▸ Provided material
★ ★ ★ ★ ★ ★ ★

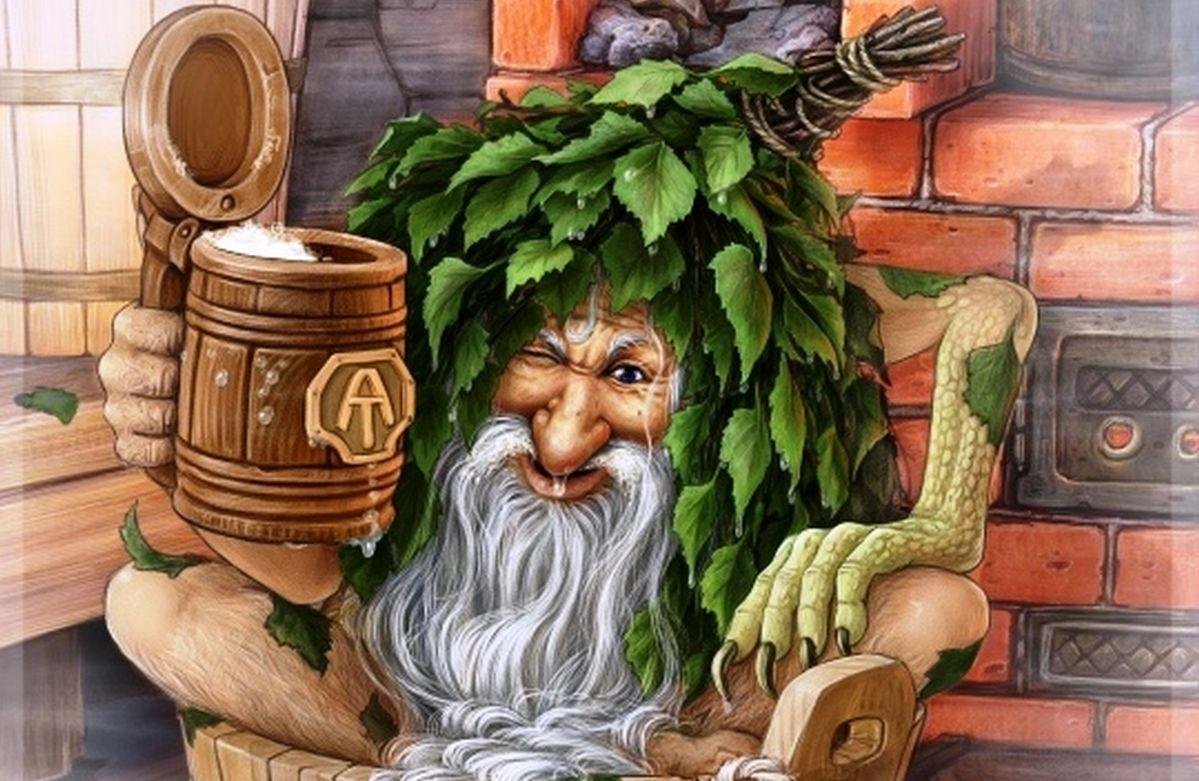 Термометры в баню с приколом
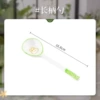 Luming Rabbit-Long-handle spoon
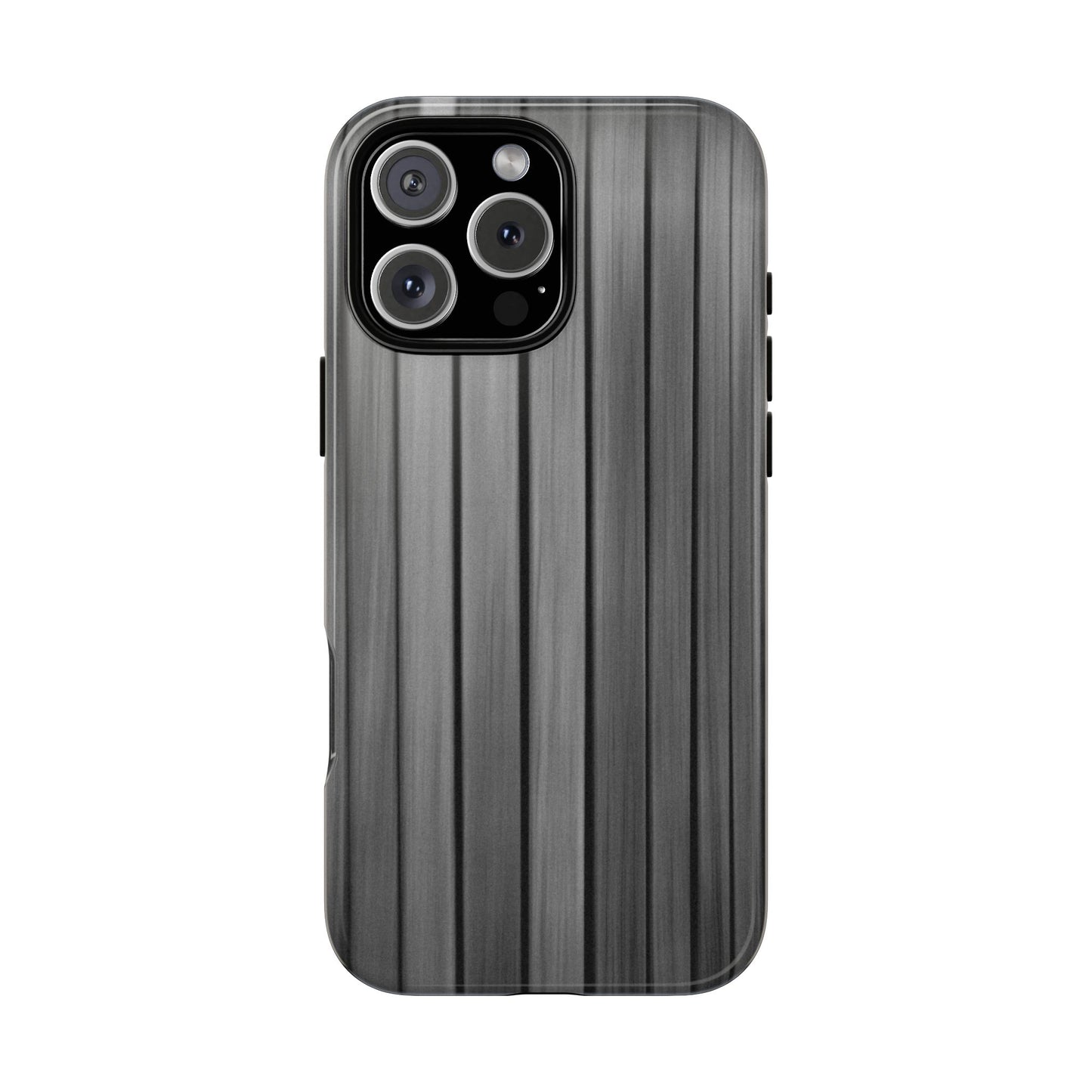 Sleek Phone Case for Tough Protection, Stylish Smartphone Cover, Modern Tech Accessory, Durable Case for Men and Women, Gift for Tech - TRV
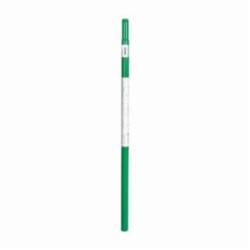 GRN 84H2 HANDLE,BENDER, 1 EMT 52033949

★ ★ ★ ★ ★ ★ ★

▸ Instructions to follow
The output consists of exactly the lines from the one containing "Sleek Phone Case" through the last line of the listing, both included, with no pictures.

▸ Written solution
 Sleek Phone Case for Tough Protection, Stylish Smartphone Cover, Modern Tech Accessory, Durable Case for Men and Women, Gift for Tech - TRV
 GRN 84H2 HANDLE,BENDER, 1 EMT 52033949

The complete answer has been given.